Whitewater prosecutor may report on conduct

June 13, 1999|By NEW YORK TIMES NEWS SERVICE

WASHINGTON -- Kenneth W. Starr, the Whitewater prosecutor, will not seek indictments of President Clinton or Hillary Rodham Clinton but has tentatively decided to issue a final report about their behavior, several associates of Starr said last week.

The report, which could land in the middle of Mrs. Clinton's Senate campaign, might be "blistering" in its descriptions of her actions, one Starr associate said.

Starr, the associates said, decided that he would not seek criminal indictments after discussions in his office about that possibility. But as Starr winds down his operation, those associates said, he was leaning toward issuing a report that would discuss the Clintons' behavior in some detail.

The final decision on whether to issue such a report could have immense implications for Mrs. Clinton's likely run for a U.S. Senate seat from New York in 2000.

Starr, one adviser said, has been grappling with whether such a report would be perceived simply as a politically motivated gesture if it were released, as would be likely, in the middle of Mrs. Clinton's campaign. For all intents and purposes, she has already begun her campaign, although she has not made a formal announcement.

Many of the discussions that led to the tentative decision to issue such a report occurred before it appeared that Mrs. Clinton was serious about running for the Senate, the Starr associates said.

The report, as now envisioned, would be a recitation of events and unresolved issues without any explicitly stated judgments, one Starr associate said. Nonetheless, Starr associates said, it would inevitably convey a critical view because it would raise unanswered questions about Mrs. Clinton's behavior in some land transactions in Arkansas and her testimony under oath about her actions as a lawyer in those deals.
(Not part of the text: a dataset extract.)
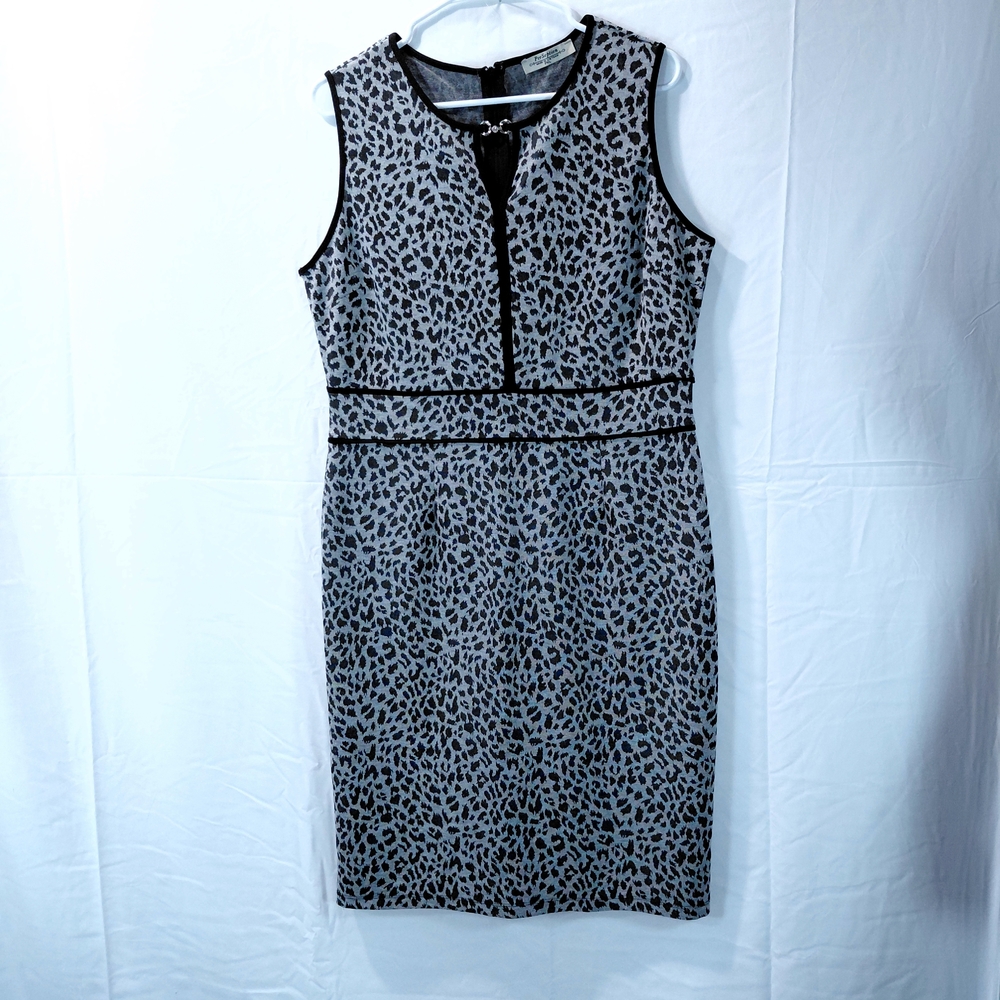Perceptions Black and Gray Leopard Print Midi Dress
Precisely what such a report would say about Mrs. Clinton is unclear. But this spring in Little Rock, Ark., at the trial of Susan McDougal, a former Whitewater partner of the Clintons, a Starr deputy disclosed that the prosecutor's office had drafted an indictment of Mrs. Clinton.

The deputy, W. Hickman Ewing, did not say exactly what was in the indictment, but he testified that he drafted it after concluding that Mrs. Clinton was not truthful in her answers to prosecutors about her role in Arkansas land deals.

Another issue that has been discussed, a second Starr adviser said, is whether it is fair to issue a report criticizing the behavior of someone who has not been and will not be indicted.

"The question as it has been framed in the debate has been whether you put up or shut up," that adviser said. "If you can't indict her, shouldn't you just shut up?"